Saturday, August 1, 2009

Harry Potter and the Half-Baked Piece

Aside from the false setup of the lede of this story, which misstates what the professor said, I really think we ought to look at our own actions and quality of work before worrying about how we're portrayed in children's literature. A lot of very good bloggers and other critics are ripping into us every day and we ought to be paying attention to their comments instead of being defensive. If we're right, then stand up. If we're wrong, we need to fix things.

A weak moment of kindness, which doesn't happen often, led me to remove the byline.
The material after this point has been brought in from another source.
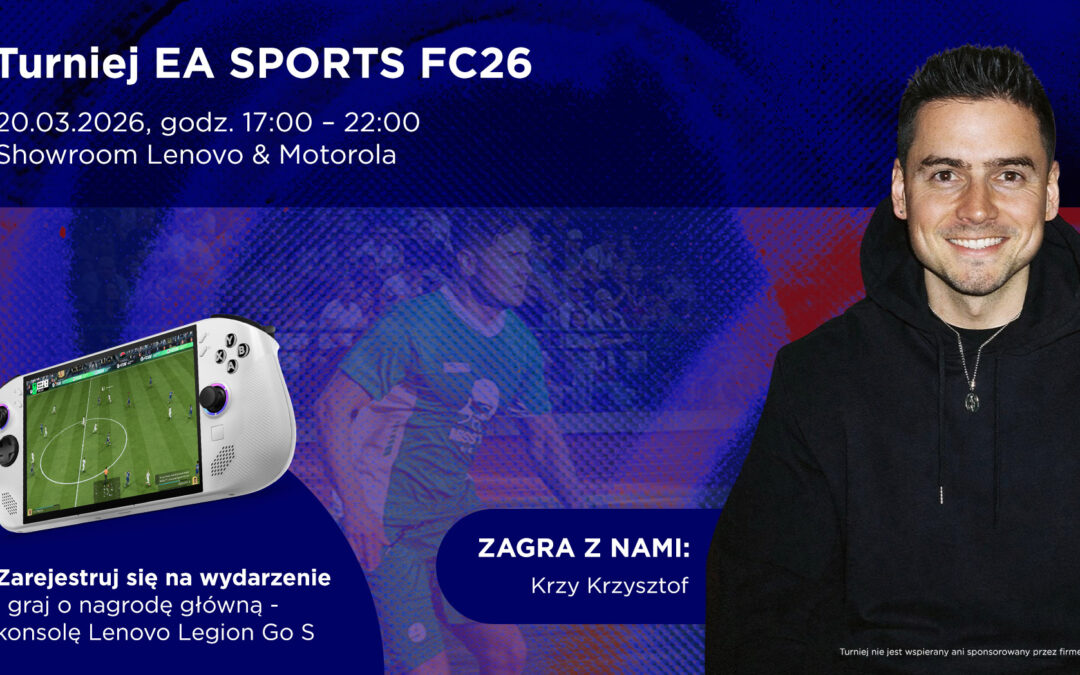 Serdecznie zapraszamy Was na&nbsp;kolejny Gamingowy Piątek w&nbsp;naszym warszawskim Showroomie Lenovo & Motorola!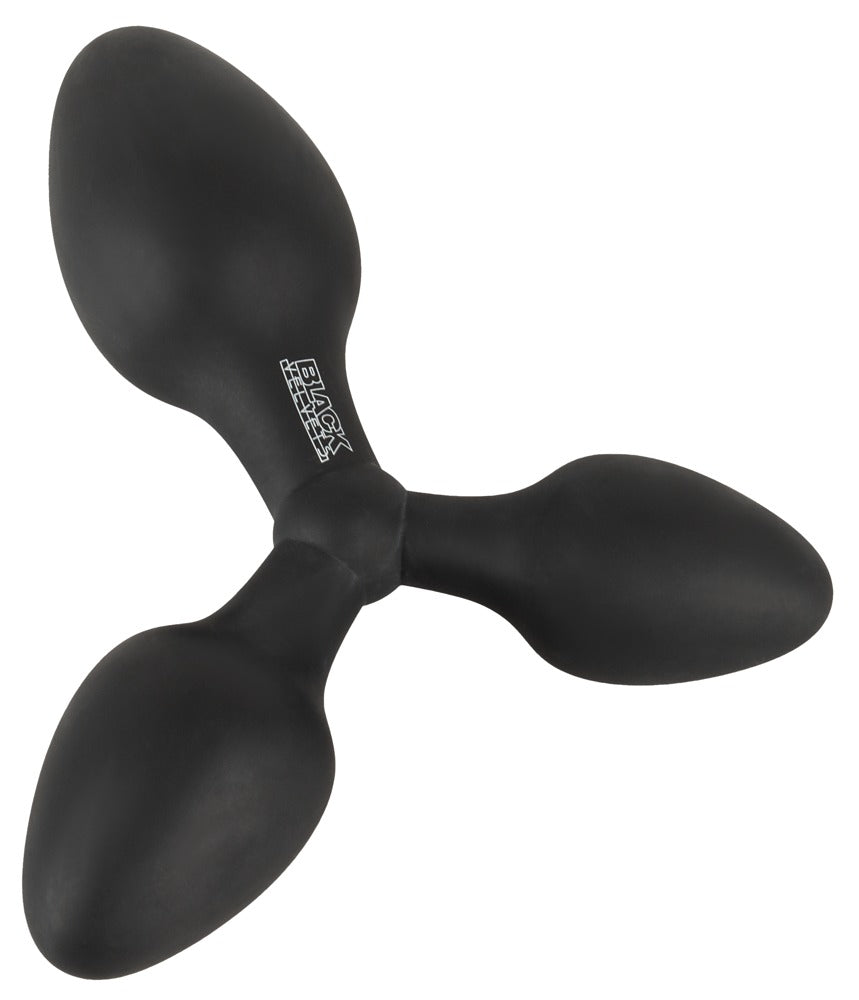 Black Velvets Triple Butt Plug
Baylor University professor says Harry Potter books may give children negative view of journalism

Could Harry Potter be to blame for the struggling newspaper industry?

No, but a recent study by Baylor University journalism senior lecturer Amanda Sturgill indicates that the immensely popular JK Rowling series of books is not helping.

Sturgill and two others — Jessica Winney of the University of Houston-Clear Lake and Baylor’s Tina Libhart — analyzed all the quotes in the first six books of the series that made any mention of media, including newspapers, magazines, radio and textbooks. What they found is that the books largely “present an unnecessarily pessimistic view of journalism today,” Sturgill said.

And, Sturgill says, because books children read, whether fiction or nonfiction, can play a powerful role in helping children learn about the world around them, there is a good chance that the negative portrayal of journalists in Rowling’s books could sway their perception of the field.

There was an example here and there of positive portrayals of journalists, Sturgill said, but those mostly involve The Quibbler, a tabloid that doesn’t really represent mainstream media.